• [Task prompt] Could the whole of the data below be written out verbatim?

Records shown START

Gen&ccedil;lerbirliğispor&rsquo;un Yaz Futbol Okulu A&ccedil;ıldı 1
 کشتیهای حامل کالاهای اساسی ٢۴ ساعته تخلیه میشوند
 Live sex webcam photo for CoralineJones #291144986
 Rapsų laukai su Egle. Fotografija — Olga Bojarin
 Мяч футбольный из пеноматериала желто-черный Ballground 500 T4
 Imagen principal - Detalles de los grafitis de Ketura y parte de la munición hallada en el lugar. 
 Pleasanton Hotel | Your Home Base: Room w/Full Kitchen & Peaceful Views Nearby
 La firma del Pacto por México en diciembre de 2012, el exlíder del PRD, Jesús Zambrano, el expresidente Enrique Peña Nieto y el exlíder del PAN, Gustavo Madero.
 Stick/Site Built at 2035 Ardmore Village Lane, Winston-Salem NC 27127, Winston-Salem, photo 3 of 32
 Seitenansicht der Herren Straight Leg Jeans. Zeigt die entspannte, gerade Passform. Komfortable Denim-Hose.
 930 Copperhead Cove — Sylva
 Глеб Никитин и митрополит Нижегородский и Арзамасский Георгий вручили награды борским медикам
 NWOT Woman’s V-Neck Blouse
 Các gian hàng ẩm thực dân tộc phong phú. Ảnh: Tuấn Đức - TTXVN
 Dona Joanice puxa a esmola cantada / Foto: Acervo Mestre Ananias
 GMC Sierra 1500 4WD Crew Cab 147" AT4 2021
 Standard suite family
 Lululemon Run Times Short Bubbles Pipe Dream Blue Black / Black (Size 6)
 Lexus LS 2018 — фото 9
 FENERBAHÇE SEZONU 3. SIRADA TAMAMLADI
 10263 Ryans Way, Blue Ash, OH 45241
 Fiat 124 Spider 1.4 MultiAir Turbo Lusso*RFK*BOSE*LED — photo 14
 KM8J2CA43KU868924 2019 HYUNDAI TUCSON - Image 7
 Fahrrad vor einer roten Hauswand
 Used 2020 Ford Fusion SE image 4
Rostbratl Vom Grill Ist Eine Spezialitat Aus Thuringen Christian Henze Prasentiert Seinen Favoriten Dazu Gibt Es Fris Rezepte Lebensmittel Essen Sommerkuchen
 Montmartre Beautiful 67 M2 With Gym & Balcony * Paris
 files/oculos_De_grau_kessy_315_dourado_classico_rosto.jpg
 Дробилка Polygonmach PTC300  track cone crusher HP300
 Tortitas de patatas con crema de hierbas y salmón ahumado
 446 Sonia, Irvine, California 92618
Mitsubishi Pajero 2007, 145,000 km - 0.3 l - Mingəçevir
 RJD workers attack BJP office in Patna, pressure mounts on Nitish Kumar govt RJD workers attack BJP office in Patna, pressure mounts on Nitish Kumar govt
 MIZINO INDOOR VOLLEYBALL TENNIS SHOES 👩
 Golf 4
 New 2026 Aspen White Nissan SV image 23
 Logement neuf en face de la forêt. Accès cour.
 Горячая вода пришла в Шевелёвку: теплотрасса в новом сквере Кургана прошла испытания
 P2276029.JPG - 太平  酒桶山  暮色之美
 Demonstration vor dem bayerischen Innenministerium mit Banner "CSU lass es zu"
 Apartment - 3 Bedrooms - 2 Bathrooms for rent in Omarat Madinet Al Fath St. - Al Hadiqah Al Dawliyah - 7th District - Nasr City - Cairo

Records shown END

• [Result for this exercise]
Gen&ccedil;lerbirliğispor&rsquo;un Yaz Futbol Okulu A&ccedil;ıldı 1
 کشتیهای حامل کالاهای اساسی ٢۴ ساعته تخلیه میشوند
 Live sex webcam photo for CoralineJones #291144986
 Rapsų laukai su Egle. Fotografija — Olga Bojarin
 Мяч футбольный из пеноматериала желто-черный Ballground 500 T4
 Imagen principal - Detalles de los grafitis de Ketura y parte de la munición hallada en el lugar. 
 Pleasanton Hotel | Your Home Base: Room w/Full Kitchen & Peaceful Views Nearby
 La firma del Pacto por México en diciembre de 2012, el exlíder del PRD, Jesús Zambrano, el expresidente Enrique Peña Nieto y el exlíder del PAN, Gustavo Madero.
 Stick/Site Built at 2035 Ardmore Village Lane, Winston-Salem NC 27127, Winston-Salem, photo 3 of 32
 Seitenansicht der Herren Straight Leg Jeans. Zeigt die entspannte, gerade Passform. Komfortable Denim-Hose.
 930 Copperhead Cove — Sylva
 Глеб Никитин и митрополит Нижегородский и Арзамасский Георгий вручили награды борским медикам
 NWOT Woman’s V-Neck Blouse
 Các gian hàng ẩm thực dân tộc phong phú. Ảnh: Tuấn Đức - TTXVN
 Dona Joanice puxa a esmola cantada / Foto: Acervo Mestre Ananias
 GMC Sierra 1500 4WD Crew Cab 147" AT4 2021
 Standard suite family
 Lululemon Run Times Short Bubbles Pipe Dream Blue Black / Black (Size 6)
 Lexus LS 2018 — фото 9
 FENERBAHÇE SEZONU 3. SIRADA TAMAMLADI
 10263 Ryans Way, Blue Ash, OH 45241
 Fiat 124 Spider 1.4 MultiAir Turbo Lusso*RFK*BOSE*LED — photo 14
 KM8J2CA43KU868924 2019 HYUNDAI TUCSON - Image 7
 Fahrrad vor einer roten Hauswand
 Used 2020 Ford Fusion SE image 4
Rostbratl Vom Grill Ist Eine Spezialitat Aus Thuringen Christian Henze Prasentiert Seinen Favoriten Dazu Gibt Es Fris Rezepte Lebensmittel Essen Sommerkuchen
 Montmartre Beautiful 67 M2 With Gym & Balcony * Paris
 files/oculos_De_grau_kessy_315_dourado_classico_rosto.jpg
 Дробилка Polygonmach PTC300  track cone crusher HP300
 Tortitas de patatas con crema de hierbas y salmón ahumado
 446 Sonia, Irvine, California 92618
Mitsubishi Pajero 2007, 145,000 km - 0.3 l - Mingəçevir
 RJD workers attack BJP office in Patna, pressure mounts on Nitish Kumar govt RJD workers attack BJP office in Patna, pressure mounts on Nitish Kumar govt
 MIZINO INDOOR VOLLEYBALL TENNIS SHOES 👩
 Golf 4
 New 2026 Aspen White Nissan SV image 23
 Logement neuf en face de la forêt. Accès cour.
 Горячая вода пришла в Шевелёвку: теплотрасса в новом сквере Кургана прошла испытания
 P2276029.JPG - 太平  酒桶山  暮色之美
 Demonstration vor dem bayerischen Innenministerium mit Banner "CSU lass es zu"
 Apartment - 3 Bedrooms - 2 Bathrooms for rent in Omarat Madinet Al Fath St. - Al Hadiqah Al Dawliyah - 7th District - Nasr City - Cairo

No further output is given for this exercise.